Segment Start: DATA PROVIDED

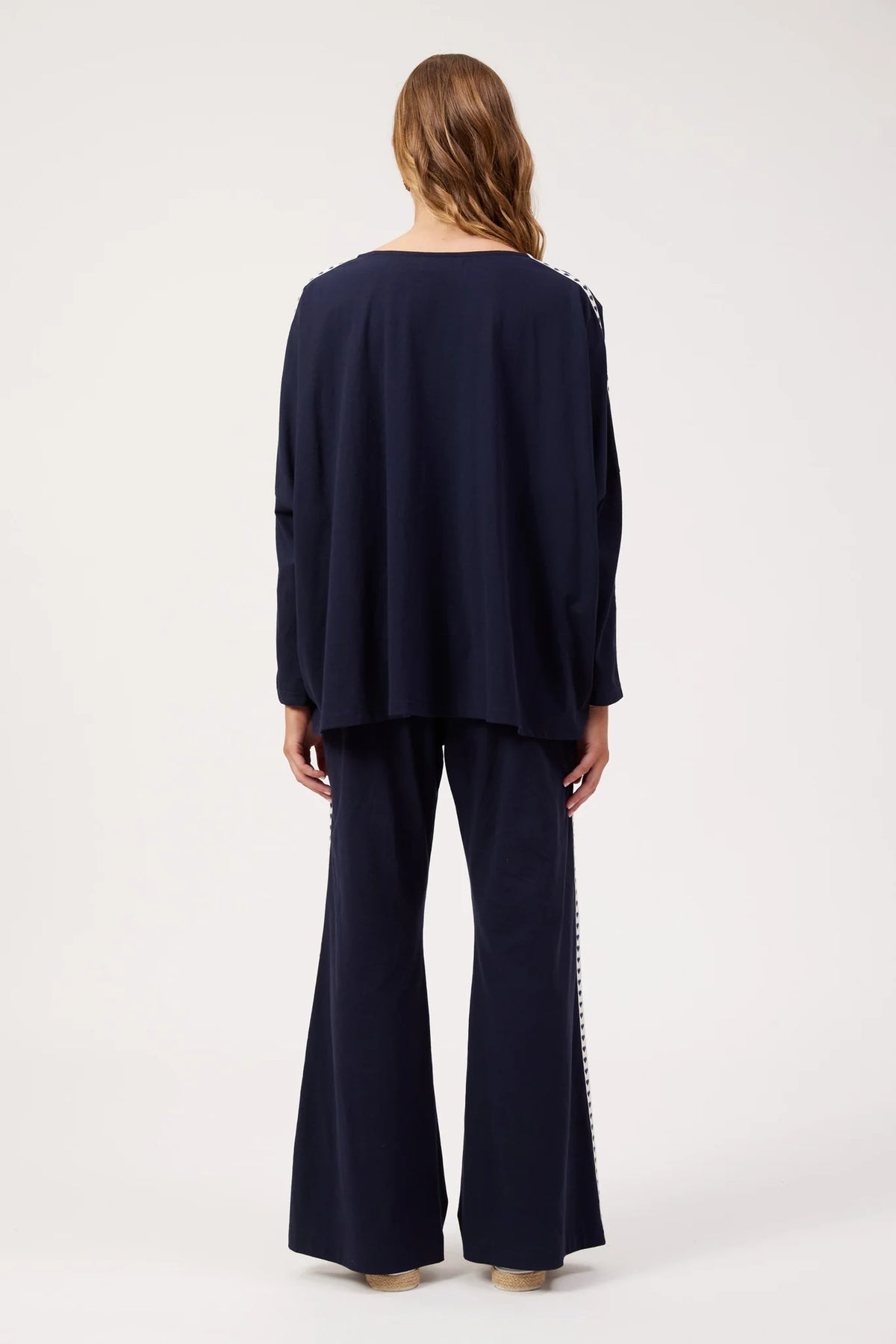 A woman viewed from the back wearing a Haven navy blue two-piece outfit consisting of a loose long-sleeve top and matching wide-leg pants with decorative silver chain detailing along the outer seams.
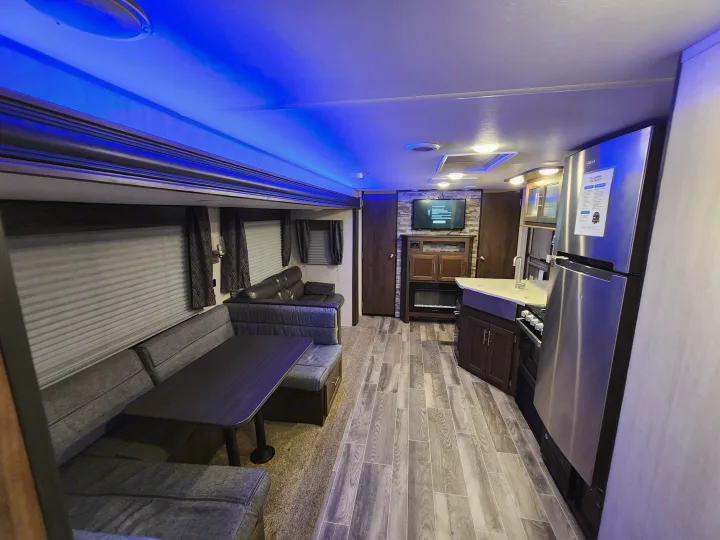 Modern RV rental interior: a bright living area, comfy dining booth, and full kitchen, perfect for travel comfort.. Forest River Cherokee 2019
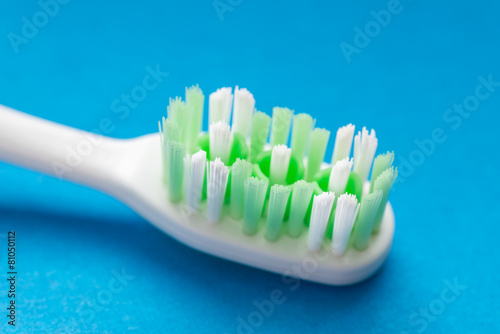 Toothbrush closeup on a blue background.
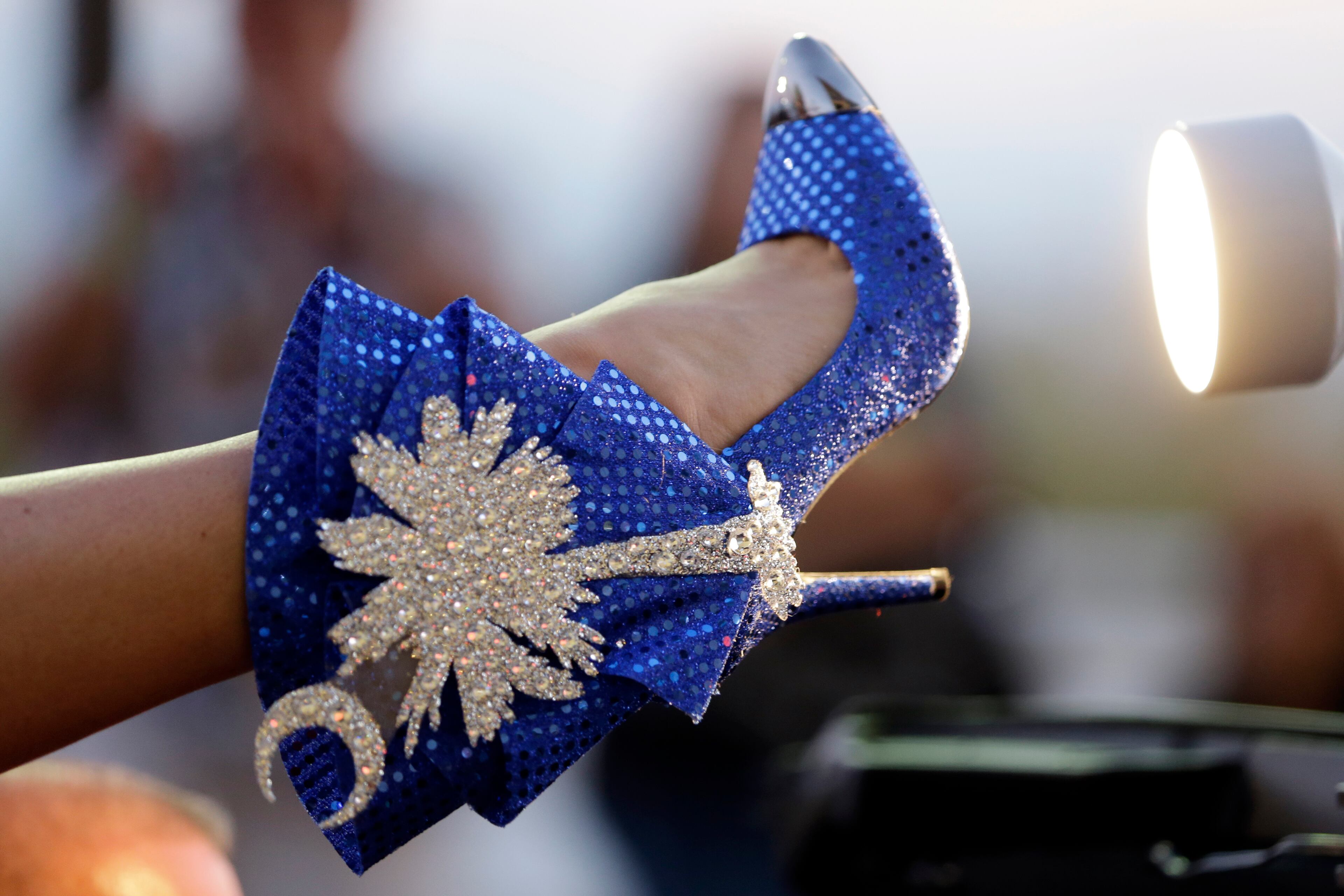 Miss South Carolina Brooke Mosteller displays her shoe during the Miss America Shoe Parade at the Atlantic City boardwalk, Saturday, Sept. 14, 2013, in Atlantic City, N.J.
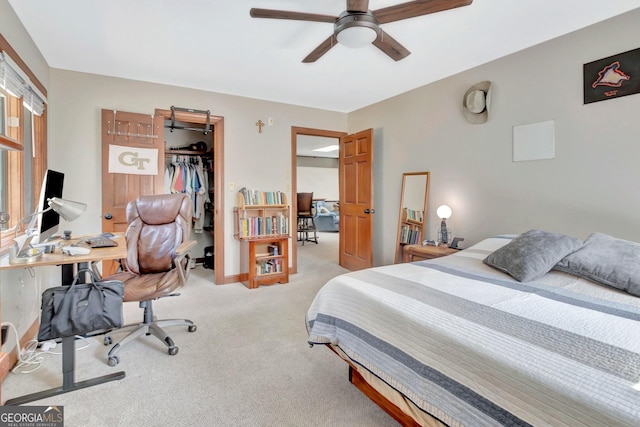 bedroom featuring a ceiling fan, a walk in closet, a closet, and light colored carpet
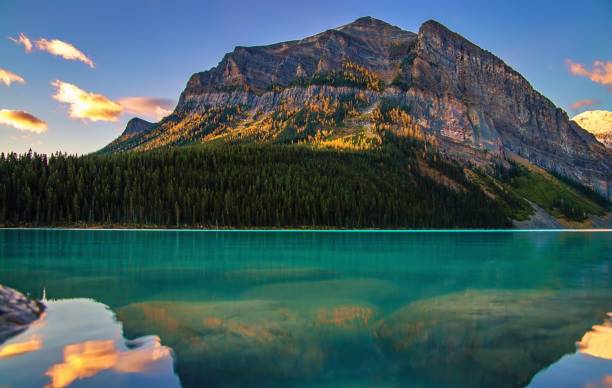 istock Sunrise Over Mountains At Lake Louise 1346264770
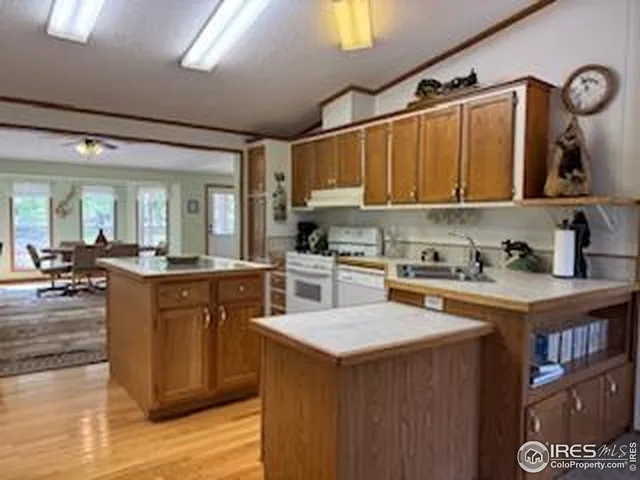 a kitchen with cabinets a sink and appliances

Segment End: DATA PROVIDED

- INSTRUCTIONS TO FOLLOW: Please give back the material above exactly as written, pictures omitted.

- OUTPUT FOR THIS EXERCISE:
 A woman viewed from the back wearing a Haven navy blue two-piece outfit consisting of a loose long-sleeve top and matching wide-leg pants with decorative silver chain detailing along the outer seams.
 Modern RV rental interior: a bright living area, comfy dining booth, and full kitchen, perfect for travel comfort.. Forest River Cherokee 2019
 Toothbrush closeup on a blue background.
 Miss South Carolina Brooke Mosteller displays her shoe during the Miss America Shoe Parade at the Atlantic City boardwalk, Saturday, Sept. 14, 2013, in Atlantic City, N.J.
 bedroom featuring a ceiling fan, a walk in closet, a closet, and light colored carpet
 istock Sunrise Over Mountains At Lake Louise 1346264770
 a kitchen with cabinets a sink and appliances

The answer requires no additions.